Were you eventually pulled into a more business role in a company? Do you keep your license active?<p>I read about this transition from time to time, but I don&#x27;t think I&#x27;ve met someone else in real life who&#x27;s done this to ask.
======
trcollinson
A bit of background. I come from a technical and business family. My father
has flipped between owning businesses and being a software engineer since the
60's. So I grew up with coding in my life. I started to hack on things in
elementary school and I had a number of professional jobs coding in high
school and college.

I didn't want to be like my father, he was boring, or so my teenage brain
thought. I can do so much better! I am the man. I will become a lawyer! I was
accepted almost instantly and went to law school. Very quickly I realized
something: I hated it.

I learned a lot, I did very well, but ultimately I decided that I actually
like coding and my dad wasn't as boring as I thought. I never took the bar
exam and now I joke in interviews about it.

Since that point I have started or have been involved in a number of technical
businesses. I am known for my technical prowess and I am often the highest or
one of the highest code contributors to projects I start or am working on.
However, I also get pulled into business discussions. I have no problems
reading over contracts and giving them a first pass. I am smart enough to know
when to call in an actual law firm (which is generally early and often), and I
believe this gives me a distinct advantage over other technical founders and
workers. A lot of technical people believe that they know everything and can
quickly learn whatever they need to succeed. Thus, they read over contracts
and fall prey to successful lawyers who are very good at writing rock solid
contracts and agreements. I know when to call for help, and my partners,
employers, and investors appreciate that.

If you are a lawyer now, then I would imagine your experience will be
different. But I do believe a legal background (not to mention the logic and
rational reasoning portions of a law degree) will serve you well. The only
person who will pull you into a business role will be you. Good luck!

------
impassebreaker
There are more than you might expect. (It also depends on what you mean by
"hack.")

Take a look at [http://lawyersongithub.com](http://lawyersongithub.com). This
is a list of lawyers with github accounts. Now, having a GH account doesn't
make you "hacker" or professional programmer, but a couple of people on it
have left law to focus on programming. I know several other lawyers not listed
there who left firms to focus on software development.

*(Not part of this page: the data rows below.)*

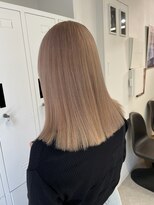 ペレ 渋谷(PELE)&nbsp;イメチェン/ホワイトブロンド/外ハネボブ/ワイドバング/渋谷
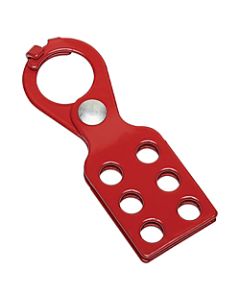 SKILCRAFT Steel Lockout/Tagout Hasp, 1 1/2in x 5in, Red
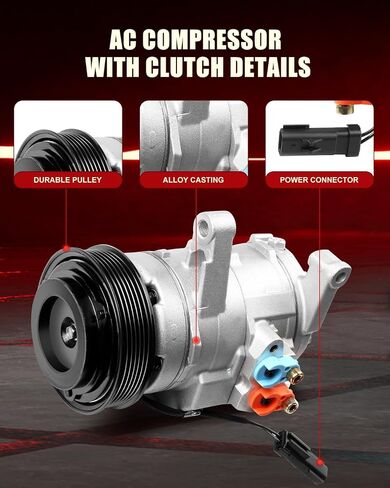 A/C Compressors with Clutch CO 10801C Replacement Air Conditioning Compressors Compatibility for 2007 for Aspen 4Doors 4.7L 2006-2007 for Commander 4Doors 3.7L in Saudi Arabia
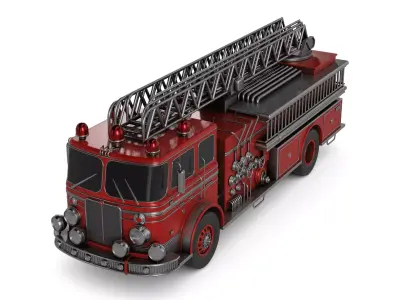 Fire Engine 3D model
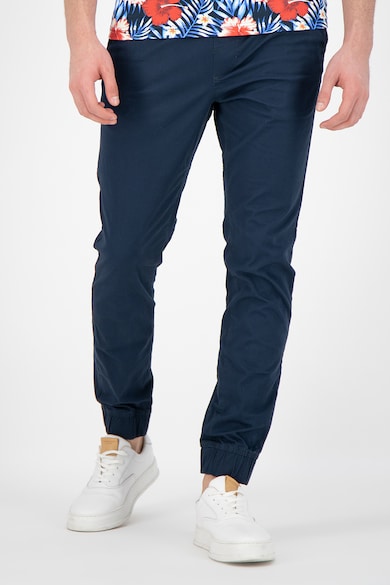 !Solid Pantaloni slim fit cu snur in talie Truc Barbati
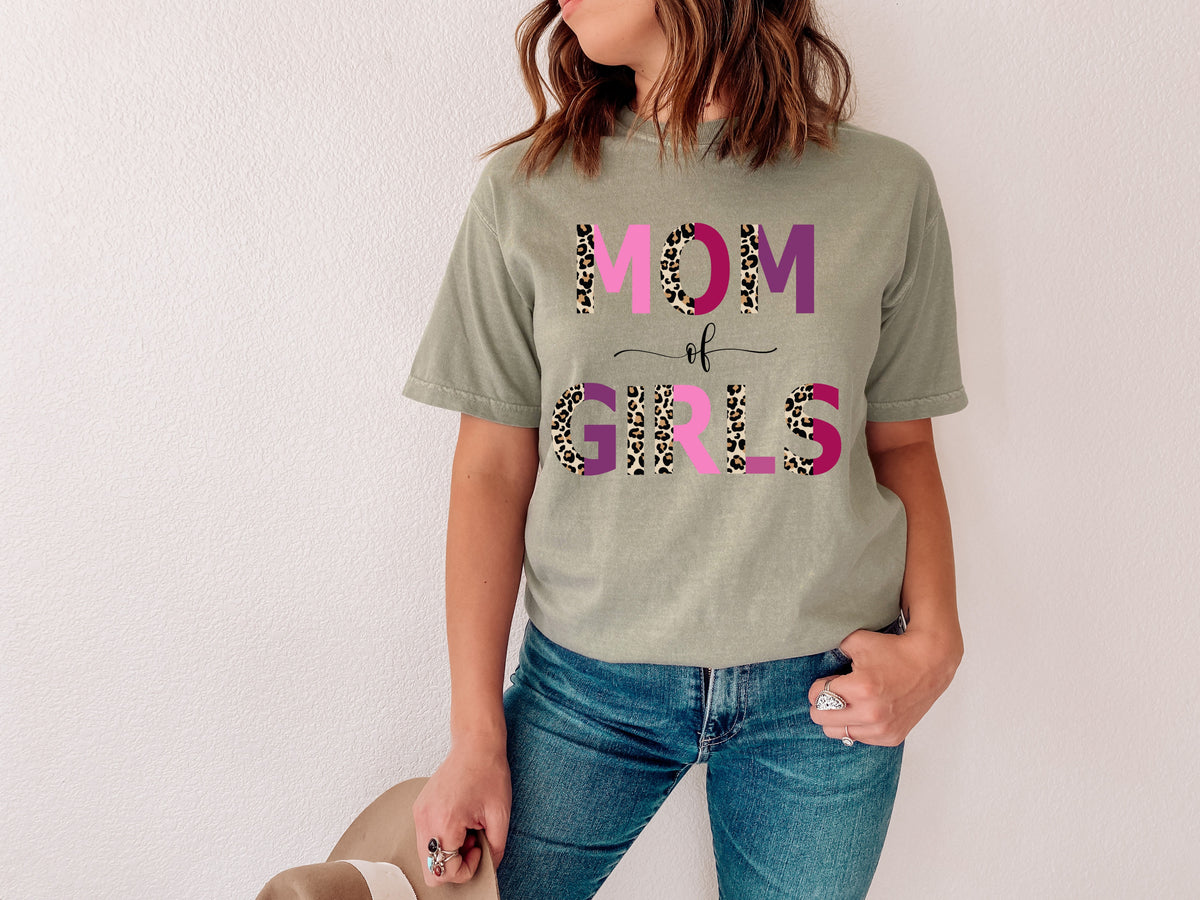 Mom of girls HIGH HEAT screen print transfer
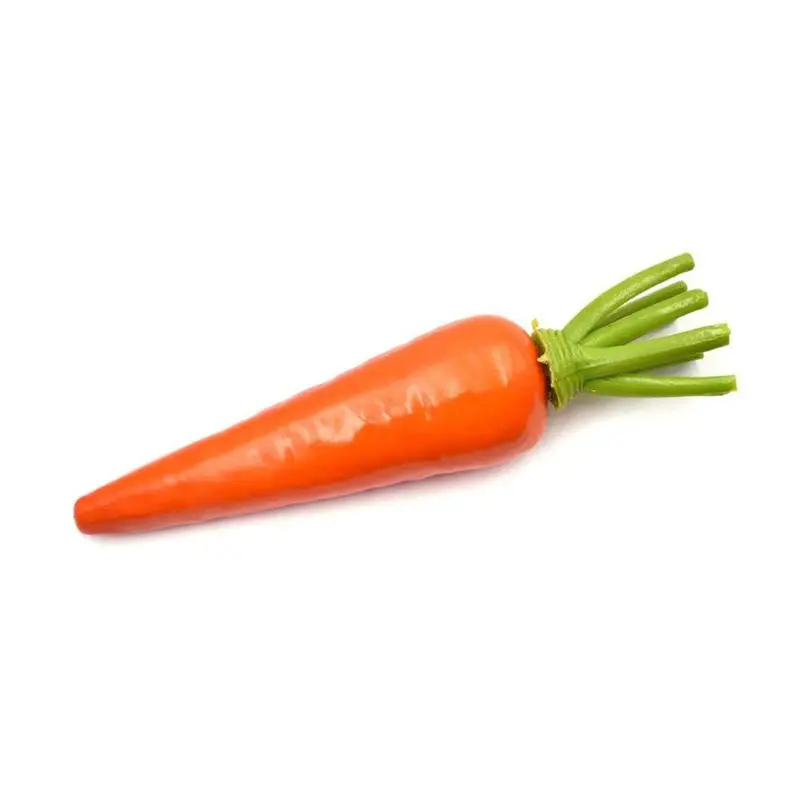 Realistic Lifelike Artificial Rattan Carrot Simulation Fake Fruit Vegetable Food Display Home Party Kitchen Decor Ornament E65B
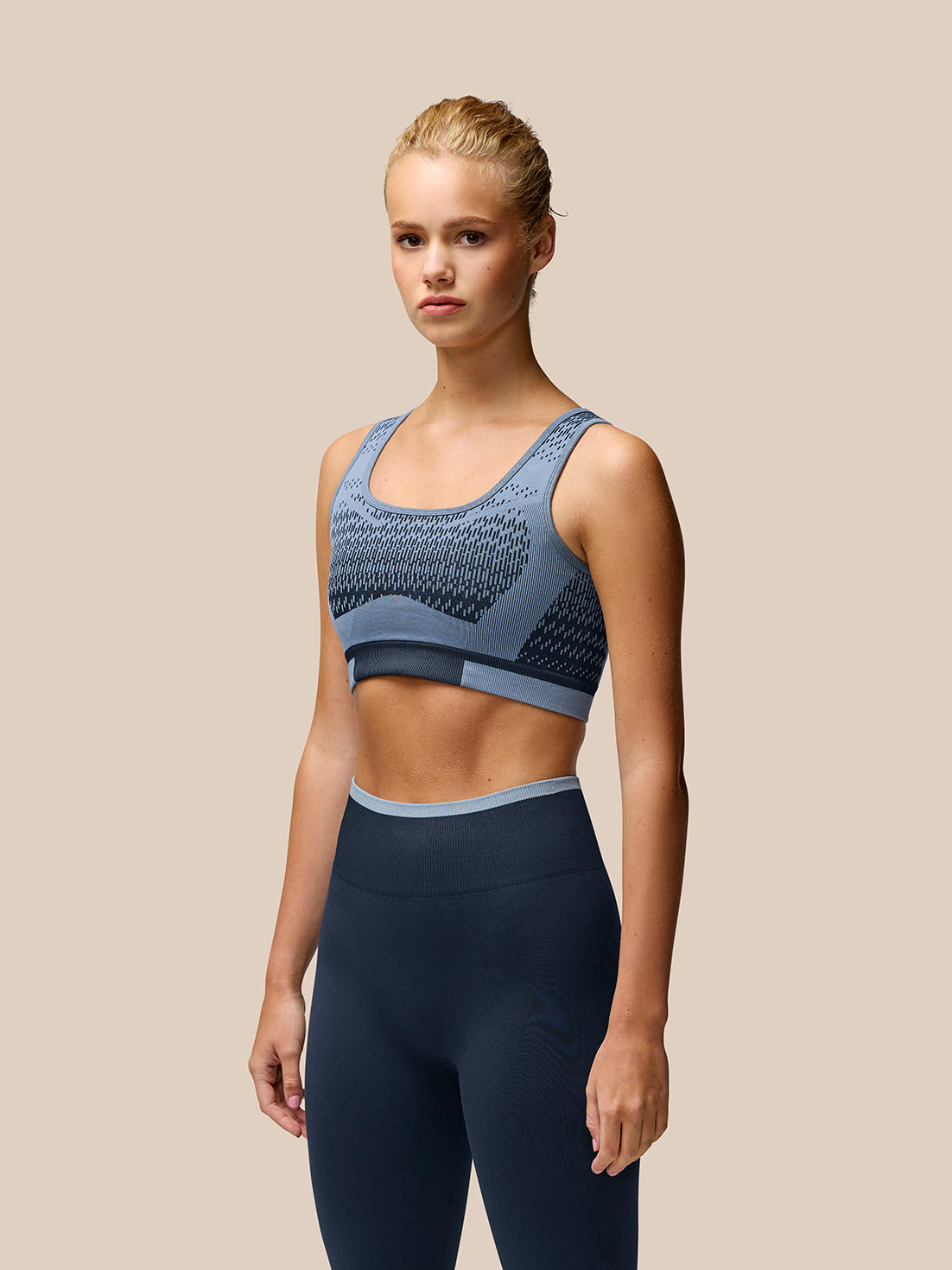 Flow Training Sports Bra - Midnight Navy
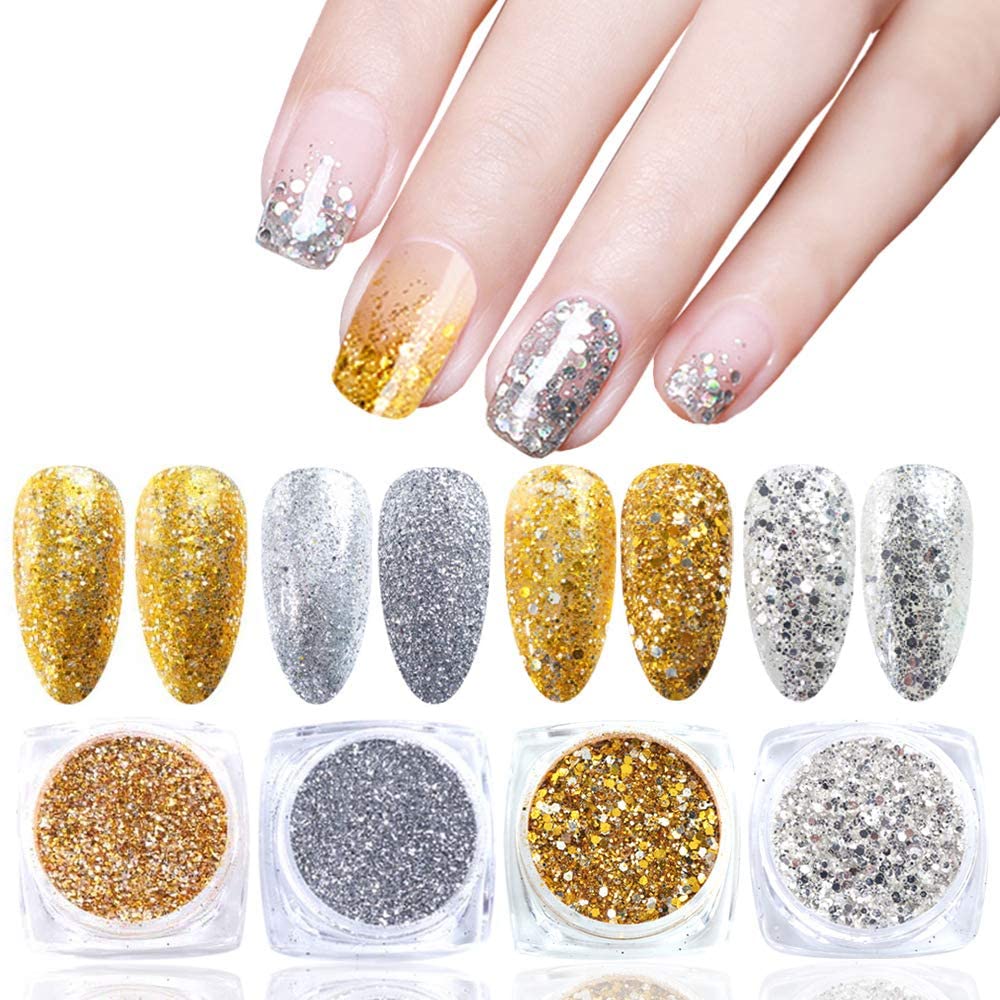NAILWIND Chrome Nail Powder Set - 6 Pcs Metallic Mirror Glitter Powder for Nail Art, Manicure & Nail Designs - Perfect for Women & Girls (Pink) | Salon Quality Nail Decoration for Parties, Weddings & Special Occasions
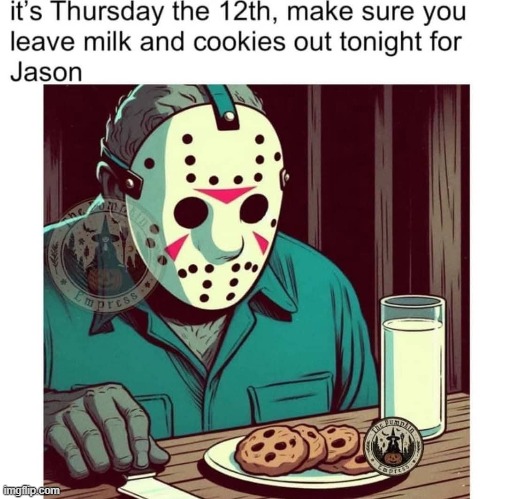 Romantic Friday the 13th Eve | image tagged in friday the 13th,jason voorhees,teenagers,horror movie | made w/ Imgflip meme maker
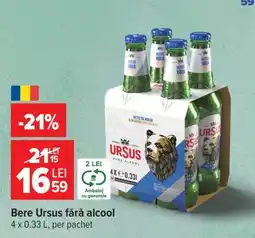 Carrefour Bere Ursus fără alcool Ofertă
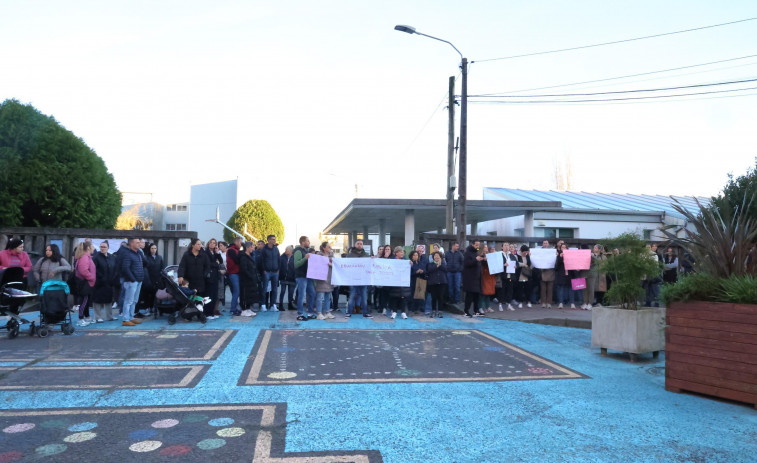 Las familias del CEIP Bergantiños alzan la voz contra los recortes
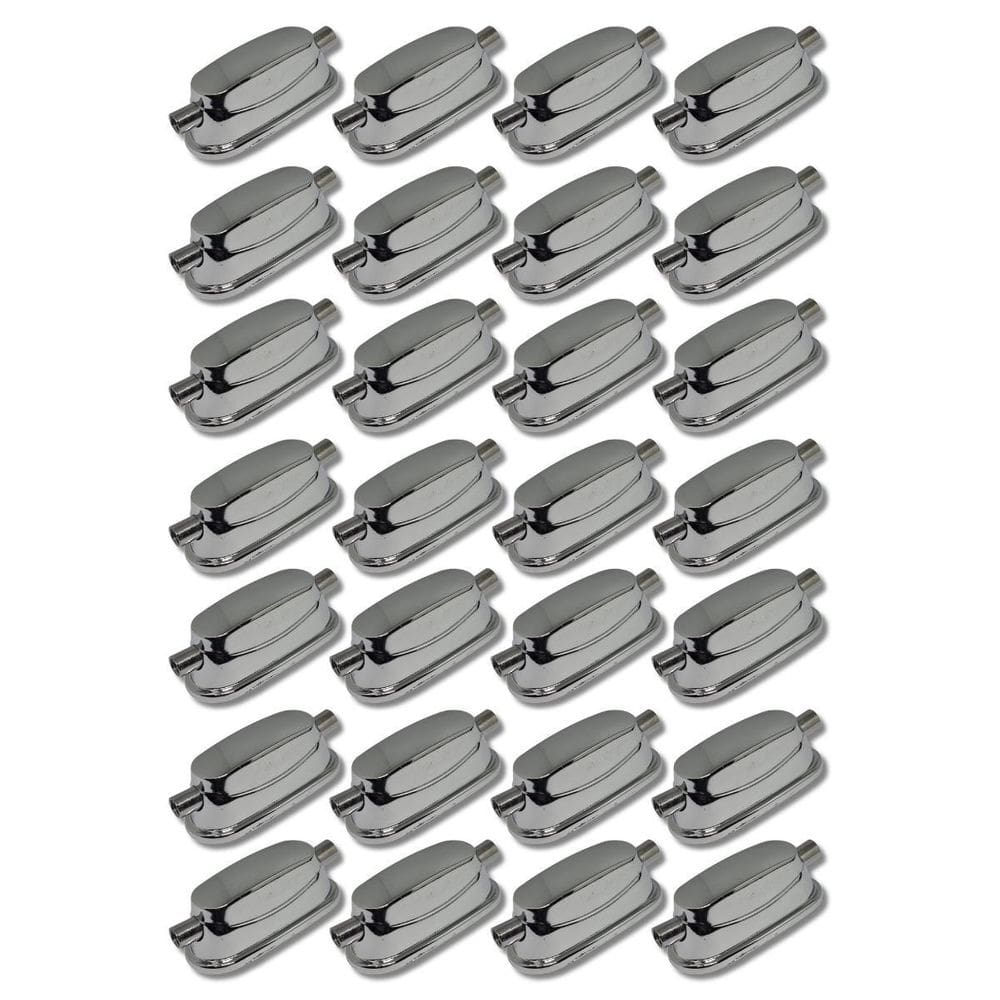 Kit 28 Canoas Cromada Para Caixa 2 Afinações 18.4 Spanking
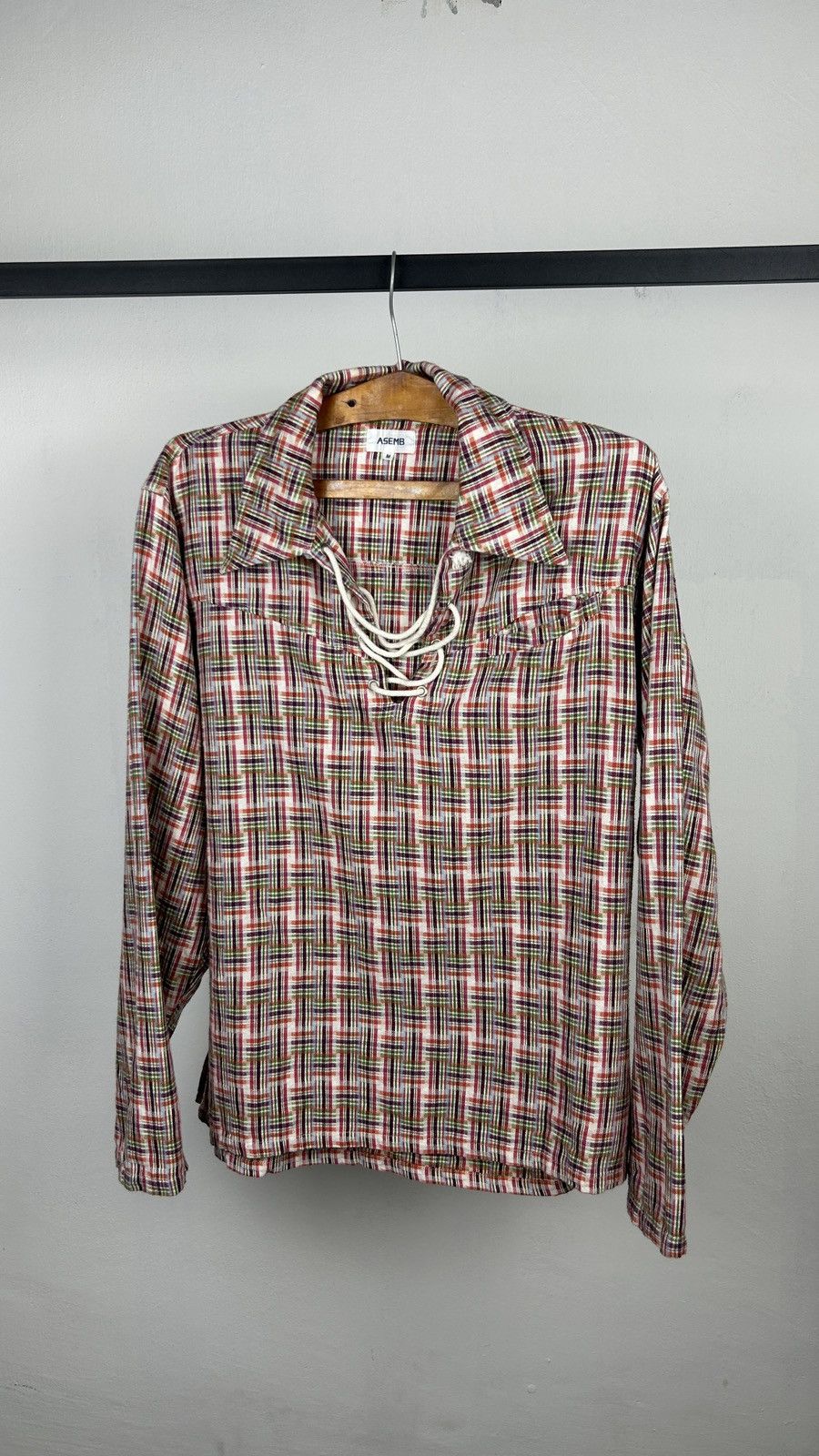 Japanese Brand × Vintage 1990s ASEMB Japan Lace Top Size US M / EU 48-50 / 2 - 5 Thumbnail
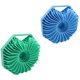 thumbnail image 1 of wonima11 Two PCS Body Shower Brush and Body Scrubber, Highly Effective Exfoliator, Suitable for All Skin Types, with Anti-Slip Wrist Strap for Easy Cleaning. (Blue+Green), 1 of 1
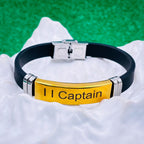 Customized Personalised Letter Engraved Id Wrist Band Bracelet Bulk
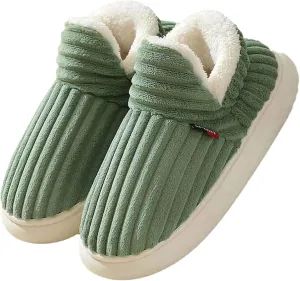 Christmas Slippers for Women Memory Foam Fuzzy Cute Furry Fleece Slippers Warm Plush Slip on Indoor Outdoor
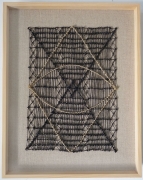 Sight, 2019, linen threads and ink
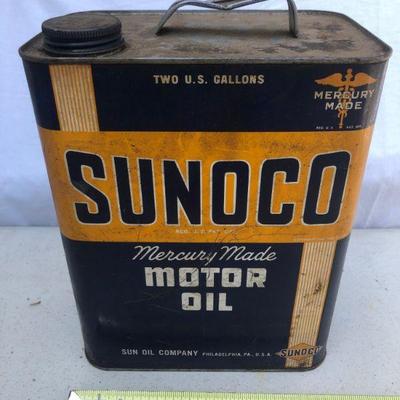2 Gallon Sunoco Oil Can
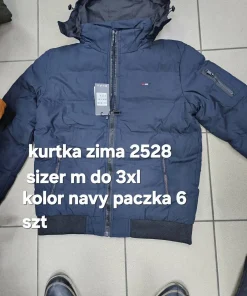Kurtki MĘSKIE,Size m-3xl,Paczka 6szt,1 kolor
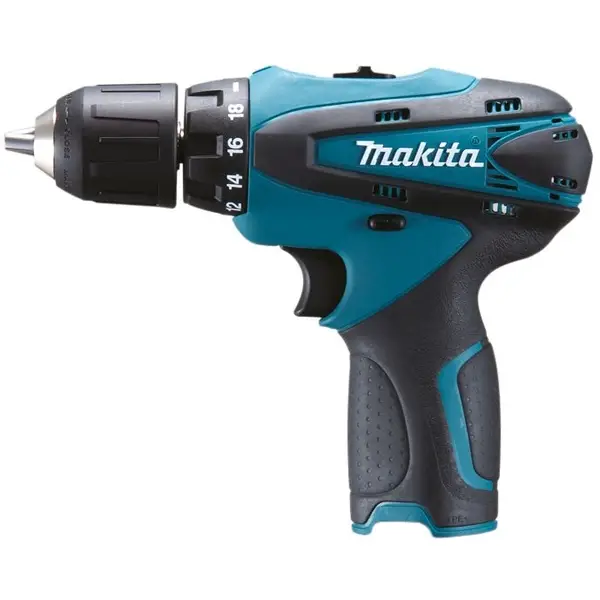 Máy khoan và vặn vít dùng pin DF033DZ Makita (Không bao gồm pin, sạc)
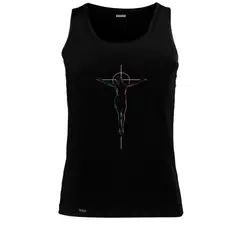 CREACIONES NU CROWN - Camiseta Esqueleto Camisilla Jesus Colores Cruz religiosa Nu Crown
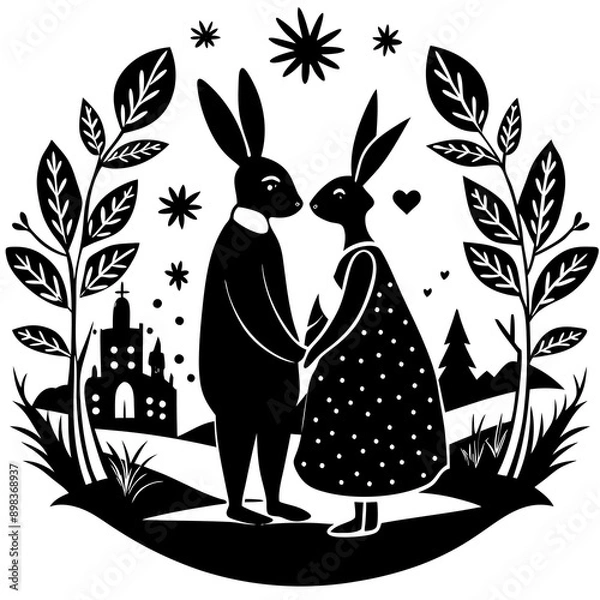 Fototapeta rabbit  Vector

You'll find a range of experience. There are lawyers who were programmers
first, went to law school, and then went back to programming. Others had
skills before law school or learned while practicing law and have incorporated
into their practices, to varying degrees.

------
macmac
This is a very interesting question. The only person I know of who has done
this is David Pollak of Scala Lift fame
[http://blog.goodstuff.im/about](http://blog.goodstuff.im/about)

------
johnzim
Not sure what the U.S. situation is like but in the UK my transition was
pretty perfect in terms of my professional happiness. That said, it was pretty
weird for a barrister to be working cases during the day and then coding at
night so I'm not sure I'm a good example - coding was something I'd just
always 'done' since I was a kid.

------
tejasm
The girls from priorilegal.com are lawyers and they're pretty regulars at HN.